- [Your goal]: Please repeat, exactly and without pictures, the lines of the entries below that run from the one containing "A modern pendant" through the one containing "Large Tiled Walk".

- [The data]:

========

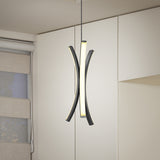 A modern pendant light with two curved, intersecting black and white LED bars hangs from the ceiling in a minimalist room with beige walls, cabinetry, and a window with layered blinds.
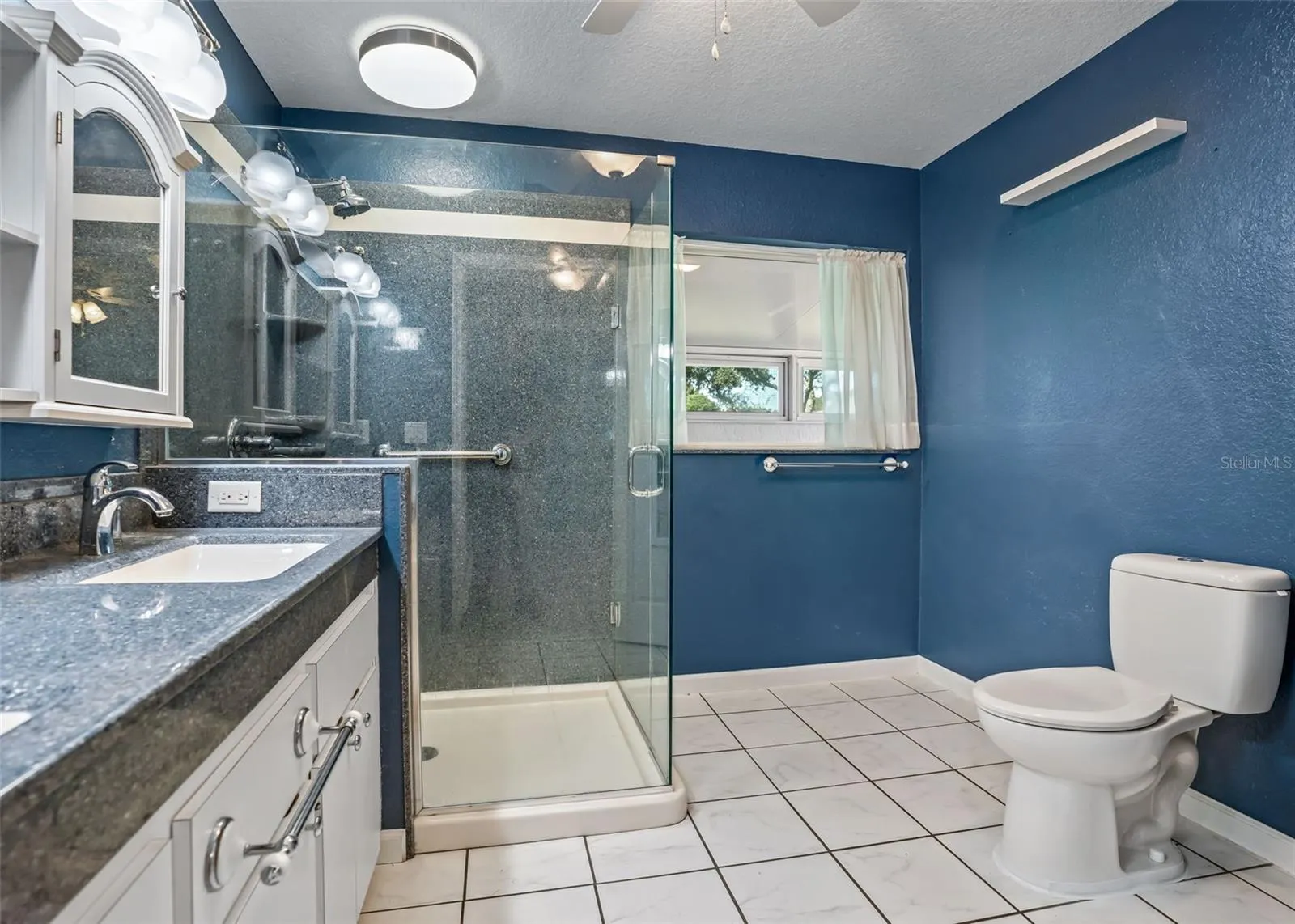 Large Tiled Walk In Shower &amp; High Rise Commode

========

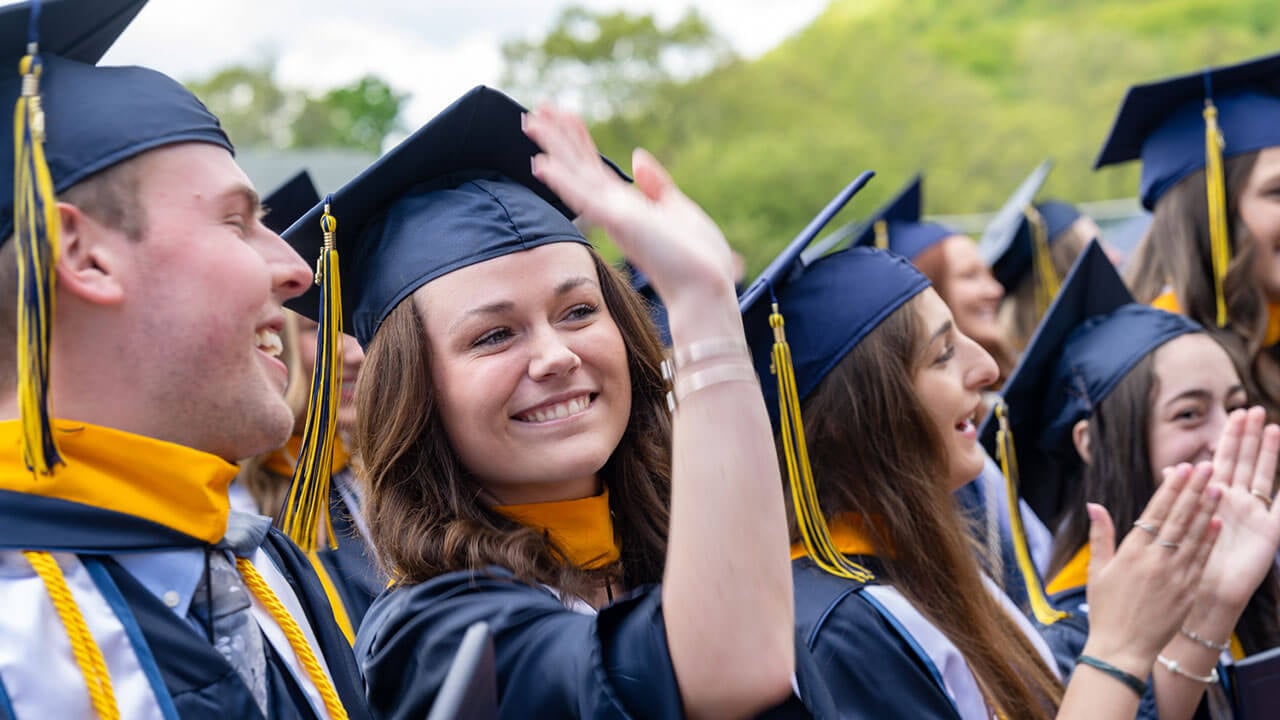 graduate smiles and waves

========

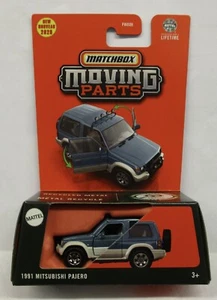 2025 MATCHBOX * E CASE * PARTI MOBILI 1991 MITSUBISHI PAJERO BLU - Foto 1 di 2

========

- [Output of the task]:
 A modern pendant light with two curved, intersecting black and white LED bars hangs from the ceiling in a minimalist room with beige walls, cabinetry, and a window with layered blinds.
 Large Tiled Walk In Shower &amp; High Rise Commode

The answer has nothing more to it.